Sfide per la crescita
Le cooperative di abitazione in cessione d’uso costituiscono una realtà sempre più emergente e solida. Lo dimostrano i progetti esistenti e l’impegno di alcune amministrazioni comunali nell’assegnare terreni a cooperative no-profit che intendono sviluppare progetti. Tuttavia, sono ancora molti i passi da compiere per far sì che questo modello possa essere utilizzato da tutti e che possa crescere ai livelli di Paesi come la Germania e la Danimarca.
La principale difficoltà di accesso alle cooperative edilizie “a cessione d’uso” è il contributo iniziale di capitale sociale.
Come dimostra lo studio Assequibilitat econòmica de l’habitatge cooperatiu en cessió d’ús: diagnosi, reptes i propostes[3], [Affordabilità economica delle cooperative di abitazione in cessione d’uso: Assessment, Challenges and Proposals], sostenuto da diverse organizzazioni e prodotto da La Dinamo Fundació, la principale difficoltà di accesso a questo modello è il contributo iniziale di capitale sociale che l’utente deve versare alla cooperativa, rimborsabile in caso di cancellazione. Nei progetti in cui si acquisisce un edificio esistente, questi contributi finanziari sono molto più gestibili rispetto ai progetti di nuova costruzione, in cui è necessario assumersi l’intero costo della costruzione. Per citare delle cifre, si parla di circa 2.000 euro nei progetti in cui si deve solo ristrutturare l’edificio esistente, e di circa 25.000 euro nel caso di nuovi edifici situati nella città di Barcellona.

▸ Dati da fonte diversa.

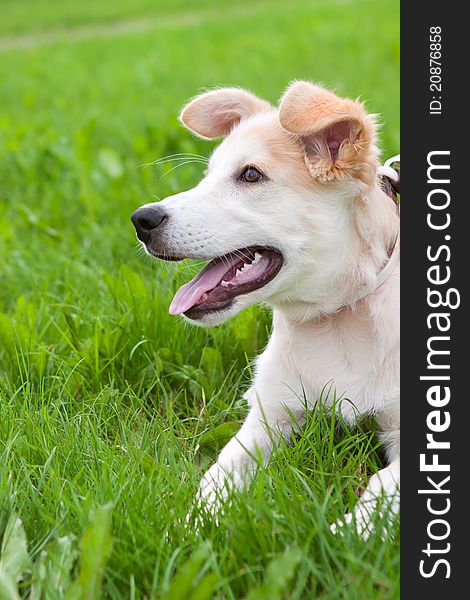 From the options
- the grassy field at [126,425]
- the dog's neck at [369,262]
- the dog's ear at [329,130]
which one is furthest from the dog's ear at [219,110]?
the grassy field at [126,425]

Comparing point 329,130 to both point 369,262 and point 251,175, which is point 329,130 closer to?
point 251,175

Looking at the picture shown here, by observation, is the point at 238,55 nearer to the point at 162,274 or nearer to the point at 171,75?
the point at 171,75

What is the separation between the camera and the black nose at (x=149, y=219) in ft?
8.30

Questa è la principale barriera all’accesso, ma non l’unica. Nella maggior parte dei casi, la partecipazione a un progetto di questo tipo richiede un investimento di tempo che non tutti possono sostenere. La gestione collettiva, come è stato sottolineato, incoraggia la partecipazione dei membri, che avviene durante un processo di sviluppo molto lungo e, successivamente, durante la convivenza nell’unità abitativa.
La ricerca di modi per ridurre questo investimento di tempo nel lungo periodo è una delle questioni che Sostre Cívic sta sollevando. Come cooperativa che attualmente riunisce circa 25 progetti con più di 500 alloggi, combina lunghi processi di autosviluppo con altri più brevi, come è stato fatto con l’acquisizione di abitazioni attraverso l’esercizio del diritto di prelazione, previsto dal Decreto Legge 1/2015, relativo alle misure straordinarie e urgenti per la mobilitazione di abitazioni derivanti da processi di pignoramento. Questo approccio non solo rende il modello più accessibile e quindi più diversificato, ma affronta anche il fondamento di uno dei suoi pilastri: la lotta alla speculazione. Queste acquisizioni mobilitano alloggi inutilizzati di proprietà di istituzioni finanziarie e disabitati da anni, che vengono trasferiti alla società civile organizzata in modo cooperativo, accessibile e trasformativo.
Questo modello alternativo è qui per restare, si è rafforzato negli ultimi anni e affronta la sfida di continuare a crescere superando gli ostacoli sul suo cammino. Si è strutturato e si sta rafforzando, garantendo che la sua proposta di trasformazione raggiunga un numero sempre maggiore di persone e rendendola più inclusiva e rappresentativa della diversità sociale.